The offices of Hollande, Merkel, and Putin, in their statements on the discussion, called for intensified monitoring without listing sites.
The areas cited by Kiev as requiring close watch include the vicinity of the rebel-held airport in the separatist hub of Donetsk, as well as the village of Shyrokine, on the outskirts of the strategic port city of Mariupol.
Mariupol is the only major city in the conflict zone still in government hands.
Kiev and its allies fear the city of half a million could be the target for a new separatist offensive aimed at opening up a land bridge to the Crimea peninsula annexed by Russia a year ago.
During a visit to Tokyo Tuesday, Ukraine’s Foreign Minister Pavlo Klimkin describing the situation along the frontline as “very difficult and tense.”
The violence has nonetheless considerably abated over the past week or so, leading to cautious expressions of optimism this week from the US, Russia and NATO.
Ukraine’s defence ministry said Tuesday its biggest guns with a calibre of 100 millimetres had been “practically all” moved back from the frontline.
The separatists, by contrast, were “continuing to concentrate their forces” around areas including Mariupol, Kiev said.

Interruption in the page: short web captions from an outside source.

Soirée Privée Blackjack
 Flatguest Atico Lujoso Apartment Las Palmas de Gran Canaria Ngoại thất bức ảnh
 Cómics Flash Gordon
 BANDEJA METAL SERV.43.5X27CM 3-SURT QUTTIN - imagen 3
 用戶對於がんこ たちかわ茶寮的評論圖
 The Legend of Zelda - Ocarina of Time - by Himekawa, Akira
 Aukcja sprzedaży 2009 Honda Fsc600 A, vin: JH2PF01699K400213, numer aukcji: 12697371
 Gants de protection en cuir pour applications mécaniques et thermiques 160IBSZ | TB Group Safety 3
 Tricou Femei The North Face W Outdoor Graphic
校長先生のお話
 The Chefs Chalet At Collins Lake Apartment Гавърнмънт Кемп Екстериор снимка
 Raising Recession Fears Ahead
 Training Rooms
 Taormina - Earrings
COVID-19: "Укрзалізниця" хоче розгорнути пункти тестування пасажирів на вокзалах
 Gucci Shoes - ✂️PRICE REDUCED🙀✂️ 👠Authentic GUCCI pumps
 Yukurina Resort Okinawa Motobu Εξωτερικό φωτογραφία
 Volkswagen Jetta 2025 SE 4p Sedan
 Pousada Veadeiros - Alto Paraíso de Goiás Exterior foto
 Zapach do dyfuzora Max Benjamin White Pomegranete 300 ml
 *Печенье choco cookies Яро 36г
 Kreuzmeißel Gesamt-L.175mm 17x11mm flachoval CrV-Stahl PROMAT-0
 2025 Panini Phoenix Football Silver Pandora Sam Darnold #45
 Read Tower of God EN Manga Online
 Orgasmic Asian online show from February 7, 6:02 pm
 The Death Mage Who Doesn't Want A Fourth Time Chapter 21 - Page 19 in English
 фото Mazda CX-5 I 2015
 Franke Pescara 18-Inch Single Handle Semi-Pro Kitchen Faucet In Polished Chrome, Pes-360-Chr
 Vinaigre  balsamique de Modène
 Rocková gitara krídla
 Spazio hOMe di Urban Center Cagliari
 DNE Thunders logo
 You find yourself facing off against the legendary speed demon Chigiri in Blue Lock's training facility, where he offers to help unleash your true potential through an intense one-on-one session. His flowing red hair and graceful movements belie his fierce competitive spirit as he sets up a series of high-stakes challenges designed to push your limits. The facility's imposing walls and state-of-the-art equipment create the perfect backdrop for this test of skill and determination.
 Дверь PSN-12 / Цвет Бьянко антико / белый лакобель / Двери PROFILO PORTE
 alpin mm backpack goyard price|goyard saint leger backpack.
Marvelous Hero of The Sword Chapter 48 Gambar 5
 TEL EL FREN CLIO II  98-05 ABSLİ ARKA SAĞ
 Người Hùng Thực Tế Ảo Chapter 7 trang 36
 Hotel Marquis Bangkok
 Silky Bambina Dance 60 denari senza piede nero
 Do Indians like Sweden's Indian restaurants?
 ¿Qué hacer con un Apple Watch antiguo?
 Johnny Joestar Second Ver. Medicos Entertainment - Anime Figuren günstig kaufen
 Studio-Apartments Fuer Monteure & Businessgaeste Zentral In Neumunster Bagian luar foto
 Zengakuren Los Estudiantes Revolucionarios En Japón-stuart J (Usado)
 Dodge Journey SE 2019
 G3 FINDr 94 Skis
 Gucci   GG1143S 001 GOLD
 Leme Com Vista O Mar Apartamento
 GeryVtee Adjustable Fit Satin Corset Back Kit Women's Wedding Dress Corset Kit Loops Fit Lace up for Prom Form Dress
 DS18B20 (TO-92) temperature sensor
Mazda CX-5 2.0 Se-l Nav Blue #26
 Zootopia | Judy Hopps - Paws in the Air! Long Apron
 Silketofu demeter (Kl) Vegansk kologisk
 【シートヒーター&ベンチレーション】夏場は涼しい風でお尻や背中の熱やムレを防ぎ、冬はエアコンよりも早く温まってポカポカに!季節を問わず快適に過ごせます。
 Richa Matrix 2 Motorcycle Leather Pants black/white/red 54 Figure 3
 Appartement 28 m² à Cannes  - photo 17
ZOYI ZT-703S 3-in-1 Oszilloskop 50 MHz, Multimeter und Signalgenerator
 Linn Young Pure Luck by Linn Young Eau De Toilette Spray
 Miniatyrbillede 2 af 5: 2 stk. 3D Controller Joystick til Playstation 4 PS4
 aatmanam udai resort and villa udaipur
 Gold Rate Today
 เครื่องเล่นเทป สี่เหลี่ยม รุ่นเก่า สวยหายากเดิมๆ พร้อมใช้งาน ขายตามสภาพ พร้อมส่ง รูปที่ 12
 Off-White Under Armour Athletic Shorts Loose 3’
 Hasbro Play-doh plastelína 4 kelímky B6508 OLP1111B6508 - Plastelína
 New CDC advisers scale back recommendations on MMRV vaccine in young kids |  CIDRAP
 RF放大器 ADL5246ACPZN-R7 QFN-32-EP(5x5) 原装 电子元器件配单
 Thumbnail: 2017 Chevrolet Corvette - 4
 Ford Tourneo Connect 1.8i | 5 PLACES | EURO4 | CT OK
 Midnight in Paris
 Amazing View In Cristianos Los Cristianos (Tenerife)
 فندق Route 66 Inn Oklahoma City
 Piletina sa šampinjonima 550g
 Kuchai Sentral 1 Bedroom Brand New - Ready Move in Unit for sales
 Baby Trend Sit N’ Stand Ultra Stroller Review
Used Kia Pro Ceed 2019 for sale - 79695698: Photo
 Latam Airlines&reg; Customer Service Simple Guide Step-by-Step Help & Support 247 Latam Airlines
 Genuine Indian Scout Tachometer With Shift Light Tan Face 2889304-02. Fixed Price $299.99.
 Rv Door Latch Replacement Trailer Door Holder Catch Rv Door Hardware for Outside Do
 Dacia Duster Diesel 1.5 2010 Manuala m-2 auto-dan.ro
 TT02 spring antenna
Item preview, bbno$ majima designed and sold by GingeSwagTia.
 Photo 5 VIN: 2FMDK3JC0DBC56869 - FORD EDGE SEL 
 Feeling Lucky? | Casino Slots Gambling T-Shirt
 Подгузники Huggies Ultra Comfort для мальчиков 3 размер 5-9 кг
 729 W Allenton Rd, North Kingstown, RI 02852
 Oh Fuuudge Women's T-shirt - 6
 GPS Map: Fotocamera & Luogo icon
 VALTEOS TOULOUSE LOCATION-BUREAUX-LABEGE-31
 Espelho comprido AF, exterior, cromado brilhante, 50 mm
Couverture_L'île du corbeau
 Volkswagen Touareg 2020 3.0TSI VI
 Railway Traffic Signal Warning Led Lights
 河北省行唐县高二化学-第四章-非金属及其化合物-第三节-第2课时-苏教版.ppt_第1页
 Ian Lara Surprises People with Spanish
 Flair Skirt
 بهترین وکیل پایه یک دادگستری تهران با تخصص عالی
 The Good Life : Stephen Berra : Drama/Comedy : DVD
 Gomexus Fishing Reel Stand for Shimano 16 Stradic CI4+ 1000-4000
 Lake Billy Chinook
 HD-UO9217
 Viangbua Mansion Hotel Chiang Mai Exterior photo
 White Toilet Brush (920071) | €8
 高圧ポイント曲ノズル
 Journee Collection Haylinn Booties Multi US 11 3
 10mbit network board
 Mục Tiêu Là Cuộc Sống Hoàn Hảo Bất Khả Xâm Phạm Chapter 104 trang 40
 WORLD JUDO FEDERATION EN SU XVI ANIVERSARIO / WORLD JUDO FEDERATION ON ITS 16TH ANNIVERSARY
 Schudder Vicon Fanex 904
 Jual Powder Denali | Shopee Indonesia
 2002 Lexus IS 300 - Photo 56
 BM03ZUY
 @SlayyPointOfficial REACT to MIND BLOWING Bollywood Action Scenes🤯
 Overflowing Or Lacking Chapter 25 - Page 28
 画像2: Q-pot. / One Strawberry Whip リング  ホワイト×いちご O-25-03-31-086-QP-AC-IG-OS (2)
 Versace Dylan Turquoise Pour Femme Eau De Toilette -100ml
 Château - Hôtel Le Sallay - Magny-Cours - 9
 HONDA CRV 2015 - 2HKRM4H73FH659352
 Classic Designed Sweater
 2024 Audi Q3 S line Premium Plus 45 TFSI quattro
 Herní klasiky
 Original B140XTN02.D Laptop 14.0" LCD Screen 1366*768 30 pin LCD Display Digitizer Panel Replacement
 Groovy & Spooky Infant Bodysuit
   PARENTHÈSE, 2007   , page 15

Military spokesman Andriy Lysenko said the separatists had killed three soldiers in shelling since Monday, bringing to four the number of government troops reported killed this week.
“Rebels continue to increase forces in order to prepare for offensive movements” and scout territory with unmanned aerial vehicles, Lysenko added.
Top US military officer General Martin Dempsey said Tuesday he supported arming Ukraine in its battle with the rebels.
“I think we should absolutely consider lethal aid and it ought to be in the context of NATO allies because Putin’s ultimate objective is to fracture NATO,” Dempsey told senators.
President Barack Obama is weighing a possible move to provide weapons to Kiev but some NATO members — including France and Germany — are opposed to arming Ukraine over fears it could further escalate the conflict.
The OSCE meanwhile reported continuing problems gaining access to rebel-held areas, including in Shyrokine, the flashpoint village near Mariupol.
Asked about the calls for the thinly stretched mission to boost its monitoring, a spokesman for the Vienna-based rights watchdog expressed doubts.
“For more monitors and for substantial change in where they’re based (it) would require a mandate change,” OSCE spokesman Michael Bociurkiw told AFP.